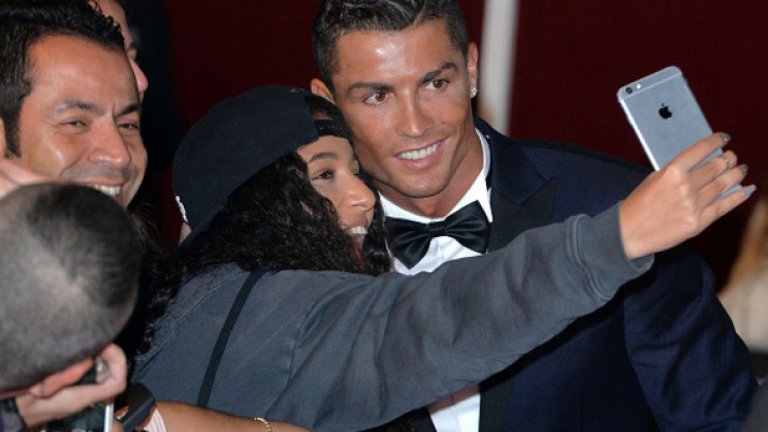 На премиерата на филма Ronaldo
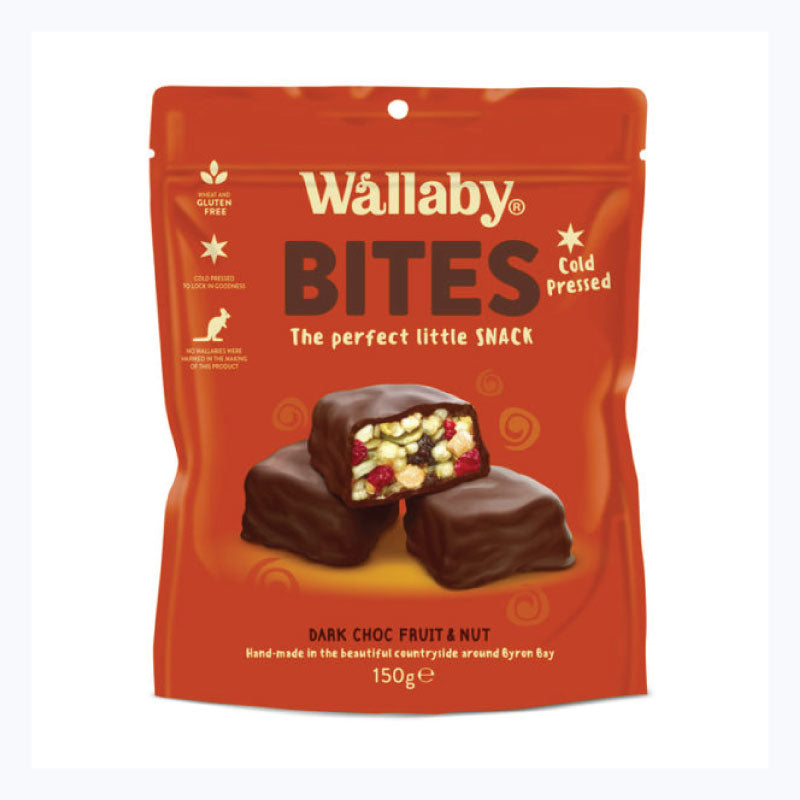 Wallaby Bites Dark Choc Fruit & Nut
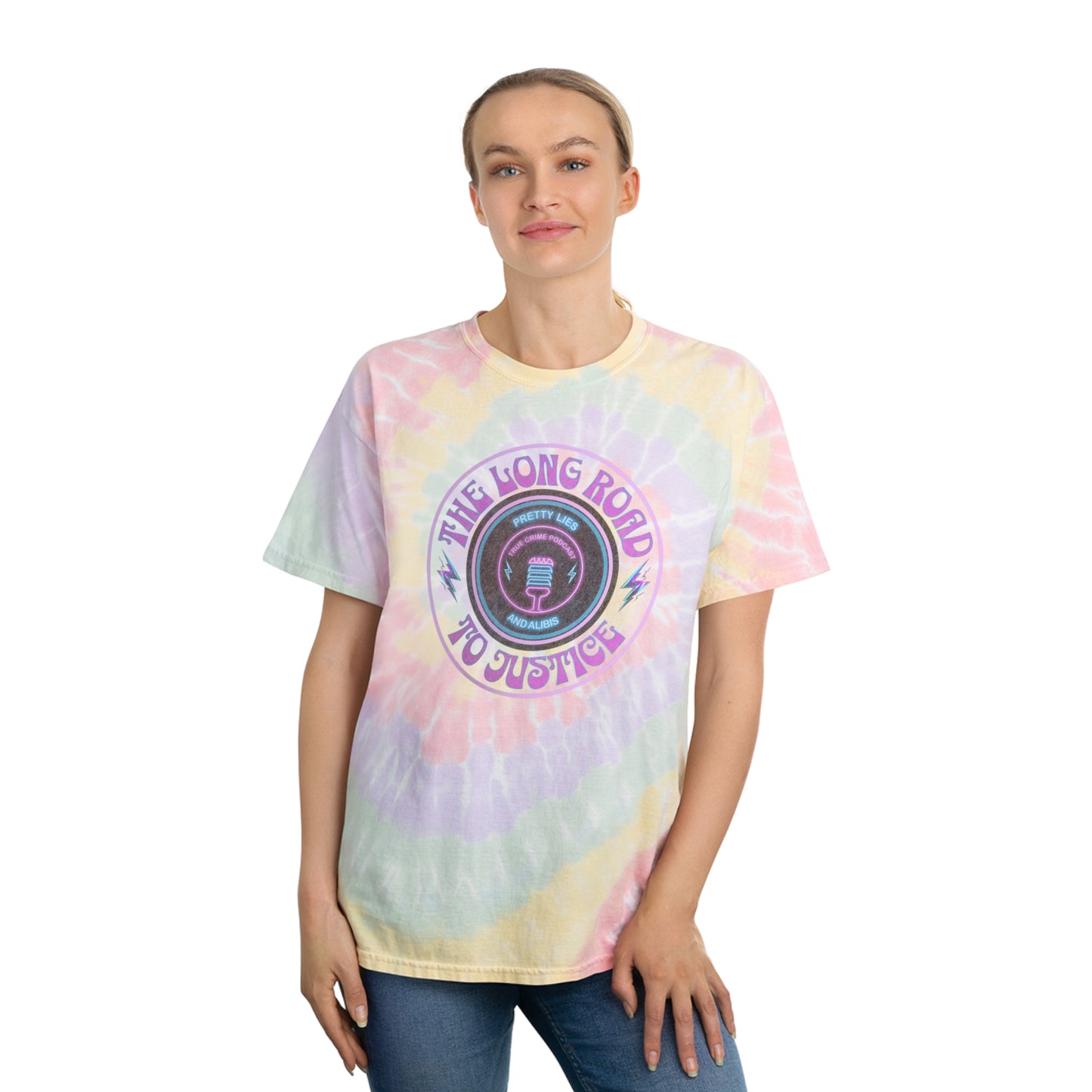 The Long Road To Justice Tie-Dye Tee, Spiral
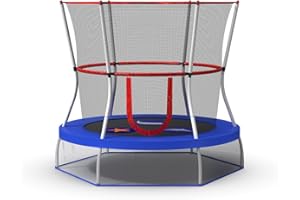 Skywalker Trampolines Mini Trampoline with Enclosure Net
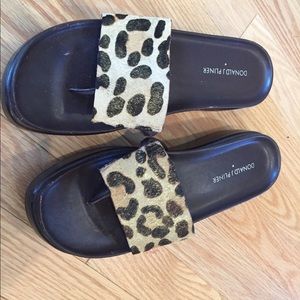 Donald Pliner sandals (brown and beige iridescent)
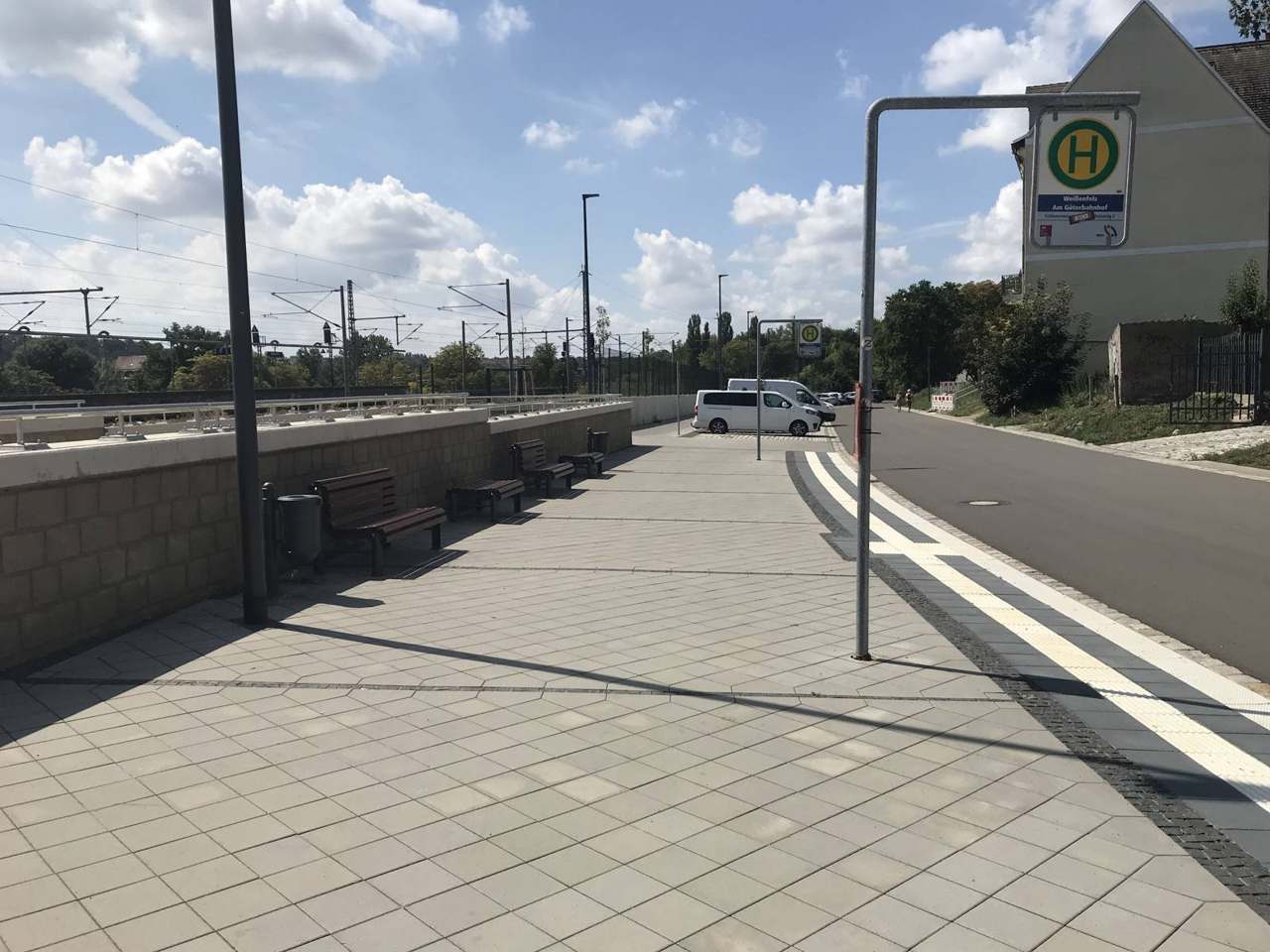 Straße Am Güterbahnhof nach dem Ausbau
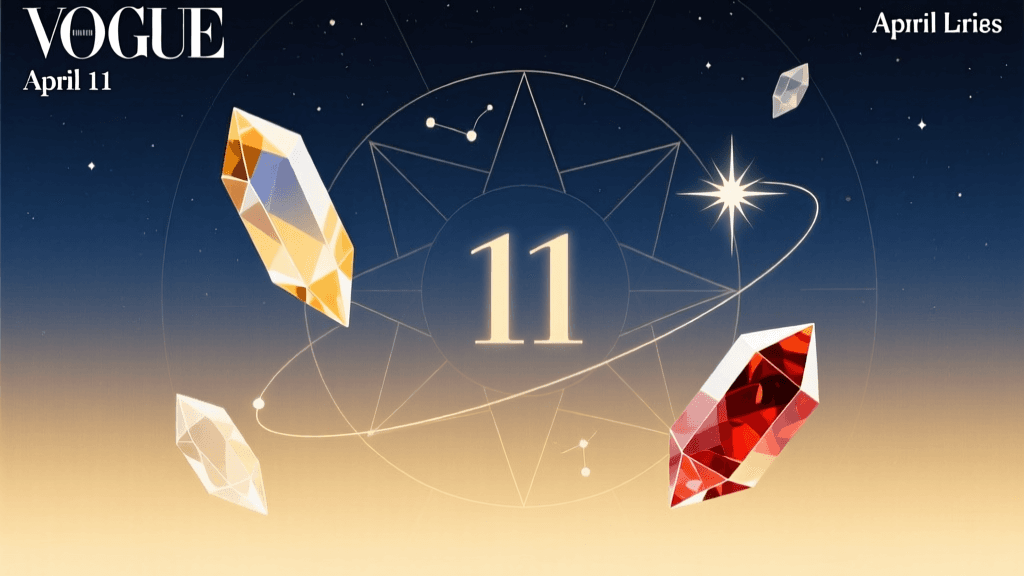 April 11 Aries Lucky Elements: Life Fortune, Crystals & Destiny Themes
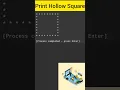 Write a Program to Print Pattern Hollow Square in C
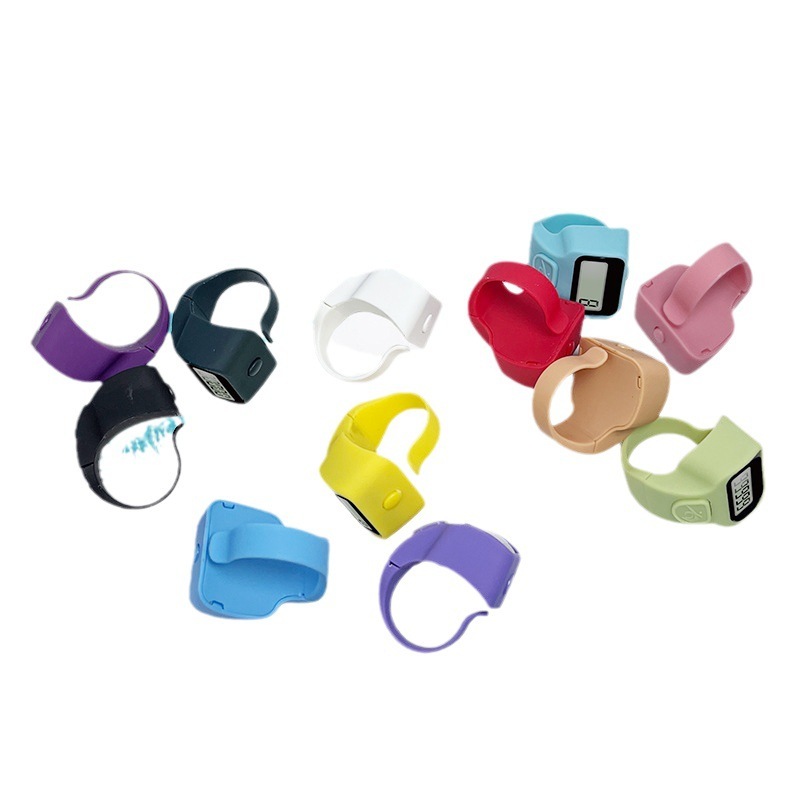 8016j counter! LED light ring finger counting machine new cost-effective multi-color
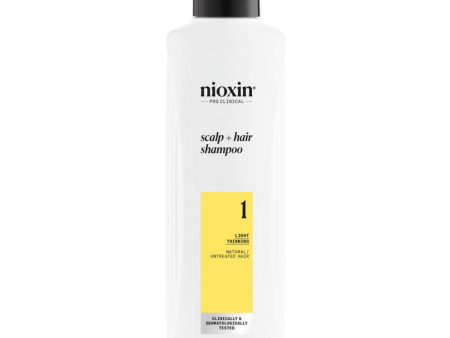 Nioxin System 1 Cleanser Shampoo for Natural Hair with Light Thinning 300ml Fashion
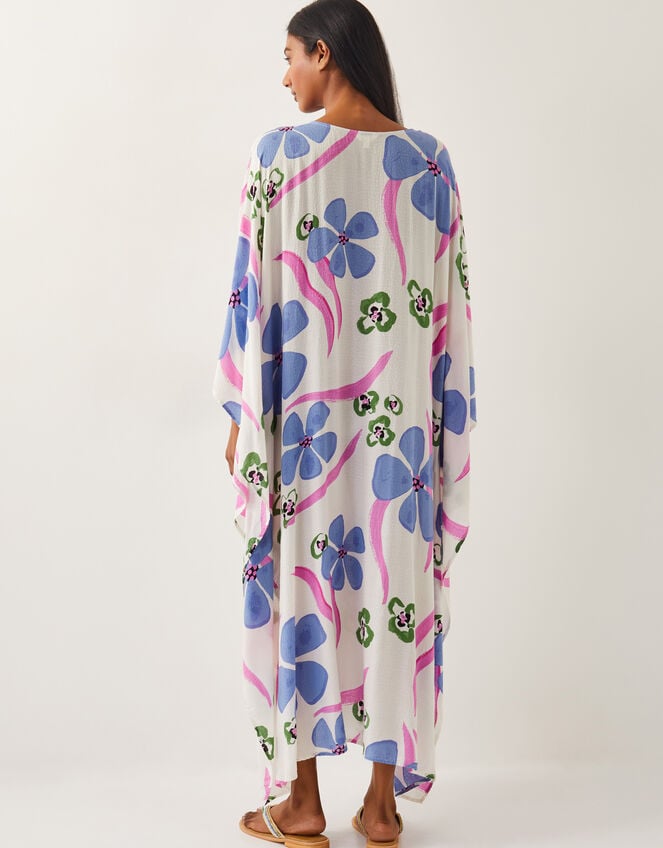 Fiona Maxi Print Kaftan, Ivory (IVORY), large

+--

**The problem**
Reproduce the data word for word without its images.

**Problem solution**
 На премиерата на филма Ronaldo
 Wallaby Bites Dark Choc Fruit & Nut
 The Long Road To Justice Tie-Dye Tee, Spiral
 Skywalker Trampolines Mini Trampoline with Enclosure Net
 Donald Pliner sandals (brown and beige iridescent)
 Straße Am Güterbahnhof nach dem Ausbau
 April 11 Aries Lucky Elements: Life Fortune, Crystals & Destiny Themes
 Write a Program to Print Pattern Hollow Square in C
 8016j counter! LED light ring finger counting machine new cost-effective multi-color
 Nioxin System 1 Cleanser Shampoo for Natural Hair with Light Thinning 300ml Fashion
 Fiona Maxi Print Kaftan, Ivory (IVORY), large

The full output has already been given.